Col pressing alto sulla Manovra, da approvare tassativamente entro la fine dell’anno per evitare l’incombenza dell’esercizio provvisorio, alcuni temi sembrano rimasti leggermente in disparte.
E questo nonostante la loro centralità, non solo per quel che riguarda la gestione delle risorse finanziarie ma anche per il welfare dei cittadini. È il caso delle pensioni, a lungo argomento centrale del dibattito pubblico e politico, poi scivolato qualche posizione indietro quando è apparso chiaro il tramonto del Governo Draghi e l’impossibilità di consegnare agli italiani una riforma del sistema pensionistico in grado di sostituire in toto le misure provvisorie. Un dettaglio è meglio chiarirlo subito: per vedere una vera e propria novità nel quadro pensioni ci sarà da aspettare perlomeno fino al 2024. I dodici mesi che verranno, infatti, avranno l’onere di accompagnare il percorso verso il nuovo assetto, molto probabilmente poggiando il quadro sulla proroga di strumenti già esistenti.

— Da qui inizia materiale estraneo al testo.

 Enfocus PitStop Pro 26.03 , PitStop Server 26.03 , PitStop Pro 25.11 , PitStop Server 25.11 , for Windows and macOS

Il Governo Meloni ha posto la deadline a 5 anni. Ossia, l’intera durata della legislatura. Con l’obiettivo di arrivare a quel momento con tutti i provvedimenti arrivati a dama. Chiaramente, per quel che riguarda le pensioni ci sarà da lavorare in modo decisamente più celere. Qualche risposta dovrà necessariamente arrivare entro i prossimi mesi, se non altro per determinare le possibilità reali di andare in pensione per quei contribuenti che matureranno a breve i requisiti per incassare l’assegno. Di sicuro, resterà la misura dell’Ape Sociale, con pensionamento accordato con 36 anni di contributi per chi ha svolto mansioni gravose o usuranti. Con requisito anagrafico minimo di 63 anni.

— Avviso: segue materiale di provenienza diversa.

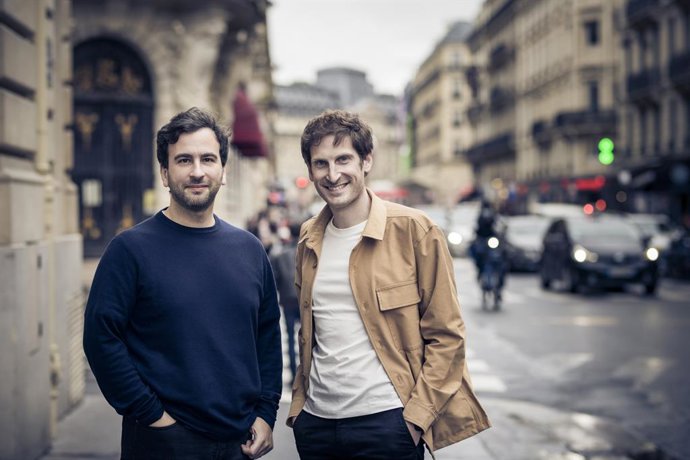 Archivo - Los fundadores de Qonto, Steve Anavi y Alexandre Pro.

La domanda reale riguarda coloro che, maturando i quarant’anni agognati di contributi nel 2023, dovranno accedere alla propria pensione. Chiaramente, la misura dell’Ape Sociale sarà disponibile, qualora non fosse stata utilizzata precedentemente. Secondo quanto emerso negli ultimi mesi, o quantomeno secondo quanto deducibile dalle scorie del dibattito sul rimpiazzo di Quota 102, la possibilità che venga adottata Quota 41 è abbastanza concreta. Quindi, accesso alla pensione con quarantuno anni di contributi versati, senza tener conto dell’età anagrafica. Niente di concreto per il momento ma perlomeno il canale sul quale sembra orientarsi la discussione in questa fase. Quota 41 era una proposta a marca leghista ma potrebbe essere adottata dalla maggioranza come ennesima soluzione tampone, sempre che non arrivi una proroga last minute (ma comunque improbabile) di Quota 102.

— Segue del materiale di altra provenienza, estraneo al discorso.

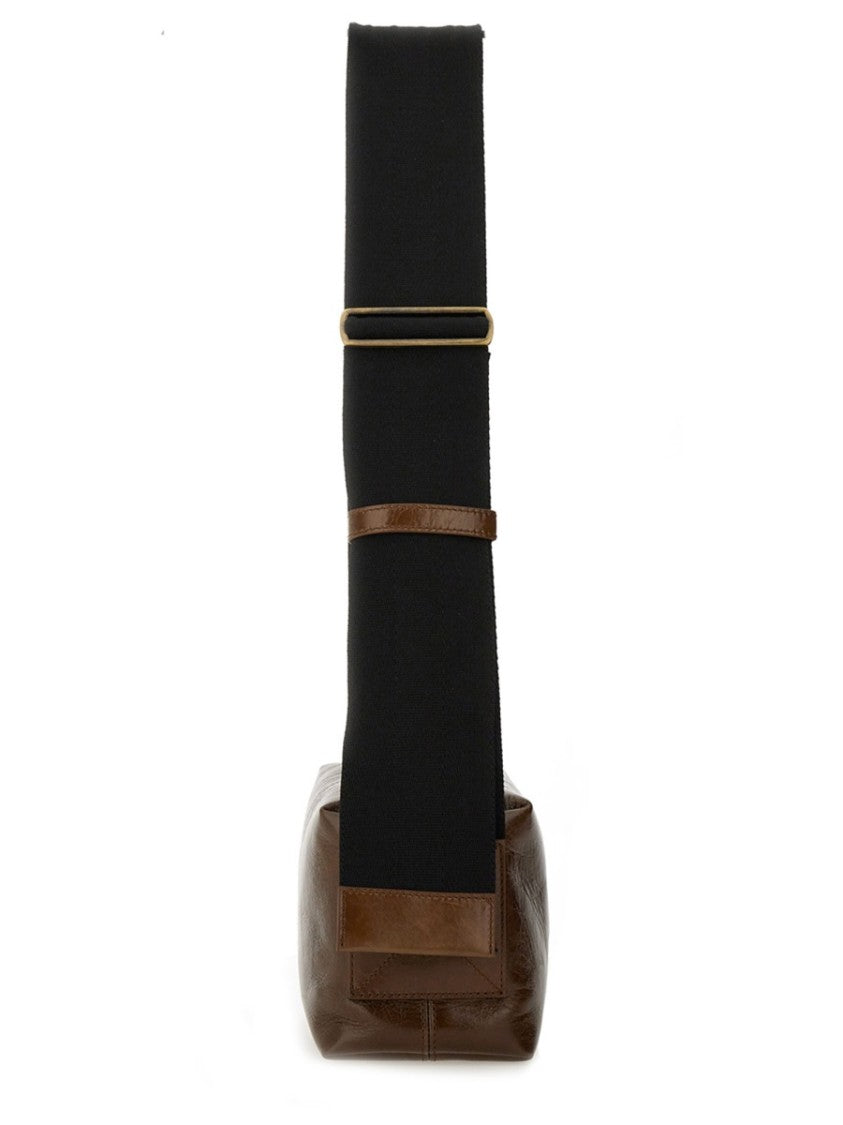 Uma Wang Leather Shoulder Bag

Il passaggio a Quota 41 sarebbe una sorta di compromesso fra la pensione ordinaria e quella anticipata. Se non altro per la possibilità di omettere il requisito, altrimenti essenziale, dell’anagrafica. Potranno infatti accedere alle pensioni tutti coloro che avranno maturato gli anni necessari di contribuzione, glissando sui limiti imposti dai versamenti effettuati con sistemi differenti da quello corrente (contributivo, appunto). Il ragionamento è comunque nell’ottica di una riforma datata all’anno prossimo (2024). Considerando che per ora, e per tutto il 2023, il limite per la pensione anticipata ordinaria è fissato a 42 anni e 10 mesi di contributi (per gli uomini) e 41 anni e 10 mesi (donne), si andrebbe incontro a una decurtazione di un anno e 10 mesi complessivi. Altro ragionamento, quello sull’ipotesi della pensione in due quote. Una proposta avanzata dal presidente dell’Inps, Pasquale Tridico, con quota contributiva a 63 anni e retributiva a 67. Programmi che, per ora, non vanno oltre la fase di discussione. Nella speranza che il 2023 non comporti altri cataclismi politici.